# New Fangled Workbench - Portable



## FreeTime (Dec 2, 2012)

The basic design concepts of this workbench, when I watched the video, were so simple and functional I just had to build one. I got tired of building projects on loose MDF sliding around on my saw horses and the lack of any real clamping ability. I made some modifications to the bench design to fit my "not-real" workshop. It took 2 long weekends but well worth the trouble. Basically I made some additions to facilitate the need to break it down to get my garage back.

Mounts on saw horses
Additions to store loose hardware, clamp faces
Removeable, free standing vertical clamps
Addition of a keeper to retain the MDF panels when moved
Table is bolted together (1/4" threaded rod) - I had several 2x6 available to use and felt it was too wide for screws

I was originally concerned with the potential weight, stability of the bench and stability of the free-standing vertical vice. The bench is 6' long, the surface is 39" high which seem right. The weight is not too bad, less than the router table I built. Its a one man job to move it and put it on the saw horses. The free standing vertical clamp seems to be stable - I had to make 2 versions. The pipes are pinned with 1/4" carriage bolts (will be changing this to 1/4" rod (the carriage bolts are not really 1/4" allowing some slop), match drilled. The addition of the 1" angle was originally structural but had the added benefit of allowing me to thread a locking bolt for the posts.

I decided to go all in and finish the surface so that was a side project of building a Router ski and learning how to use it. Now the bench is almost too nice to use


----------



## roofner (Aug 1, 2010)

It would seem to cumbersome to be that portable. I am planning breaking down and buy the Rockler casters raise up to move or let down for stable use.


----------



## greenacres2 (Dec 23, 2011)

Welcome to the forum. That's a clever design--very good adaptation to fit your need. 

I'm with roofner, i'm fortunate (once i tear out the fixed bench with no clamping) in that i've got the floor space--but wheels are needed. Intended to use the casters that were on the base i'm building on, but realized that 4 swivel casters would be much easier to maneuver than 2 straight and 2 swivel. 

earl


----------



## Chris Curl (Feb 13, 2012)

that is a great adaptation of it. thanks for sharing it.


----------



## FreeTime (Dec 2, 2012)

Thanks guys.

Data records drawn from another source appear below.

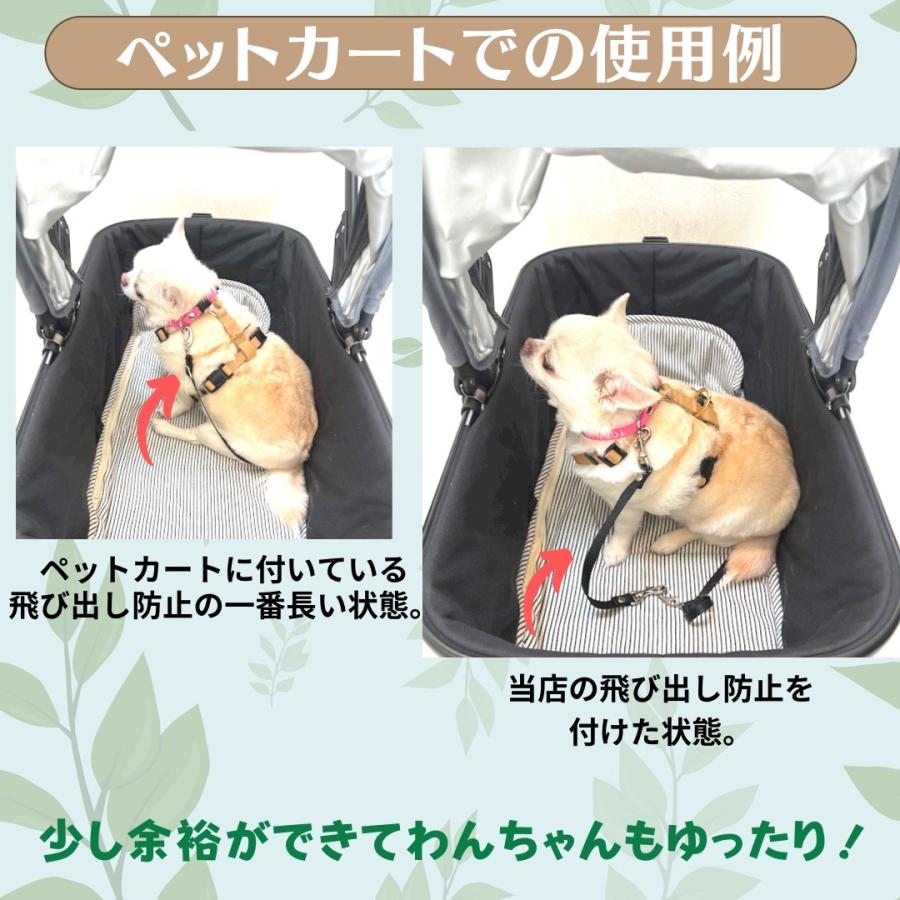 TOPWAN（トップワン） 日本製 飛出し防止リード 単品 ペットキャリー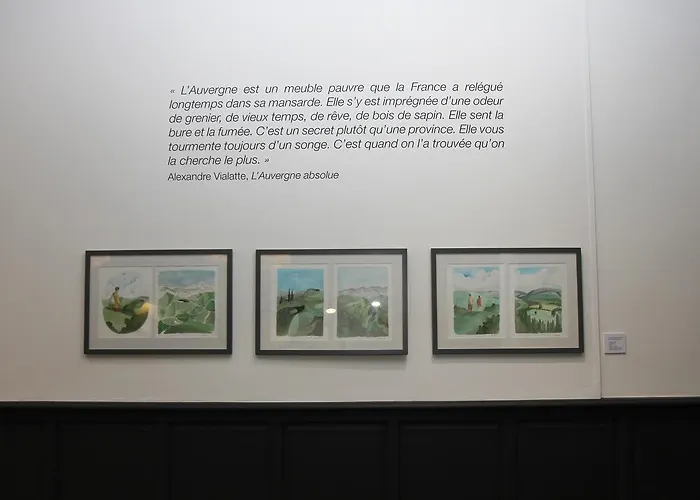 Litteraire Alexandre Vialatte, Bw Signature Collection Отель 4*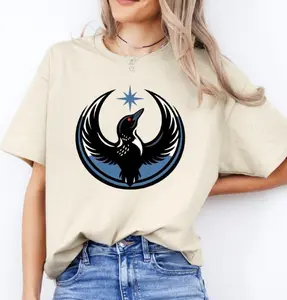 Minnesota Rebel Alliance Shirt Sweatshirt MN State Bird Loon Protest Shirt Political Resistance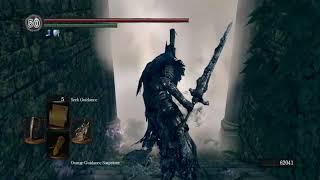 Dark Souls Play as Boss Artorias vs Manus - Age of Fire Mod Gameplay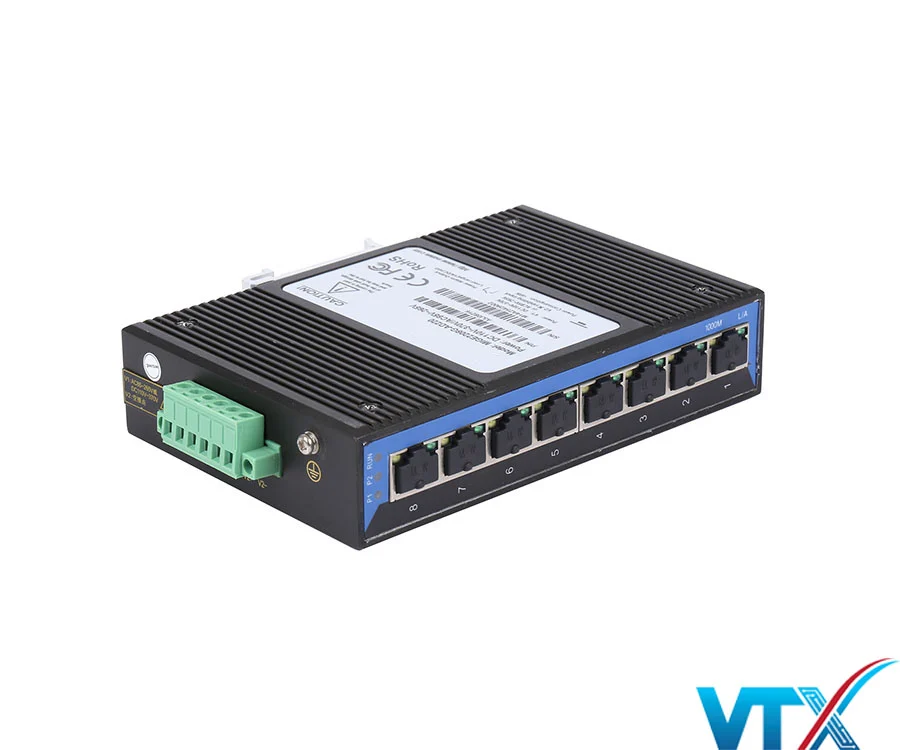 Bộ chuyển mạch công nghiệp IES408G 8Port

Roofner, you are correct - it is not that light but I don't need to move it once its set up. Once I pop the pins and remove the vertical pipe, its just a few pieces of lumber with lots of hand-holds. If I had to choose - I'd rather move this than a 3/4" sheet of plywood even with the Gorilla grippers. 

But I do need to store it on its side when its not in use next to all the other lumber, so I must THANK YOU for the caster idea - I'll put some re-purposed casters I have on a few pieces of lumber for a "cart" to store it on so I can move it when not in use.


----------



## OPG3 (Jan 9, 2011)

Mark, Welcome to the Router Forums! Your idea and suitability to meet your specific needs is very clever!
Otis Guillebeau from Auburn, Georgia


----------



## FreeTime (Dec 2, 2012)

*Bench Enhancements*

I did fabricate a cart for the bench. The bench rests vertically on one side, with a hold down rope to secure it. All the loose parts were secured, nested or somehow hooked to the frame. (Without doing this, I’m sure I would lose or reuse them.) I wouldn’t tow the setup behind the car but it seems fairly stable for moving around the garage (not tippy).

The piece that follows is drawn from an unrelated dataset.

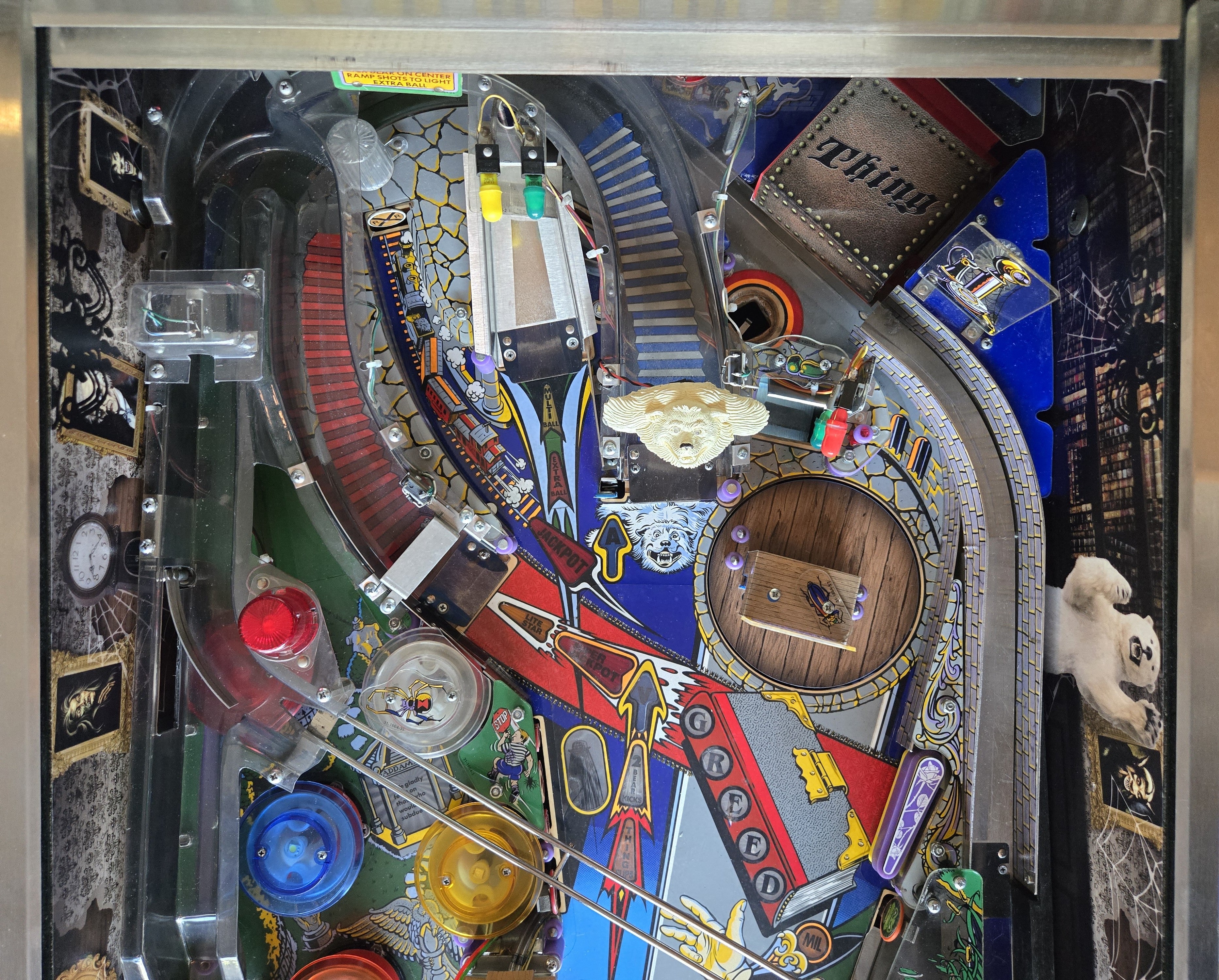 Addams Family (Refurbished & Modded) Bally 1992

I did find that with hard use, the bench had a tendency to slide along the sawhorses so I cannibalized (cut and threaded) some long (3/8” dia) wall hooks to use as “J” hooks into a centered hole that was conveniently located on the sawhorses. 

Before I put a finish on the bench I figured I should deal with any potential / additional clamping needs. I’ve read a lot of discussion on square vs. round bench dogs but since I didn’t have the foresight to put in square ones, I’ll settle for round. I put in 3 rows of holes (5” on center) for bench dogs using a 2-hole indexing jig making sure the rows were aligned front to back. This gave me a shot at using multi-hole stops/clamping bars (not sure for what yet). This (drilling the holes) was probably one of the only times I’d be glad the bench wasn’t hardwood. For the most part the alignment strategy worked – I’ve tried several random placements of both of the 2 peg stops. 

Bench dogs … I probably spent more time than I should have fashioning a jig to make the 3” bench dogs in a consistent / repeatable fashion – but now I have it. The most difficult part of the fabrication process was figuring out how/how much to downsize the ¾” oak dowel slightly for usability.

A nice bonus on the ¾” hole approach – my newer set of Irwin QuikClamps break down (for reversing to expansion mode), the bar conveniently fits through the holes. Now I have surface clamping … there is some direction limitation of the clamp end underneath in certain holes. This will be particularly useful if I need it more than 3 inches from the edge of the bench.

I added an adjustable/retractable end stop to the left side – this has come in handy.

A few coats of polyurethane and I had to break down and buy a standard ¾” drill (I used a forstner to cut the original holes) to ream the holes (of finish).

Done – I think


----------



## roofner (Aug 1, 2010)

Looks like a good adaptation very rugged looking.


----------



## FreeTime (Dec 2, 2012)

I think the "rugged looking" must be just that ... appearances. (It's amazing what a difference a little Watco oil (fruitwood) and poly will make). I had to retighten some of the hardware already - and here I thought the lumber would have gotten all that out of its system in the 2 years it sat around


----------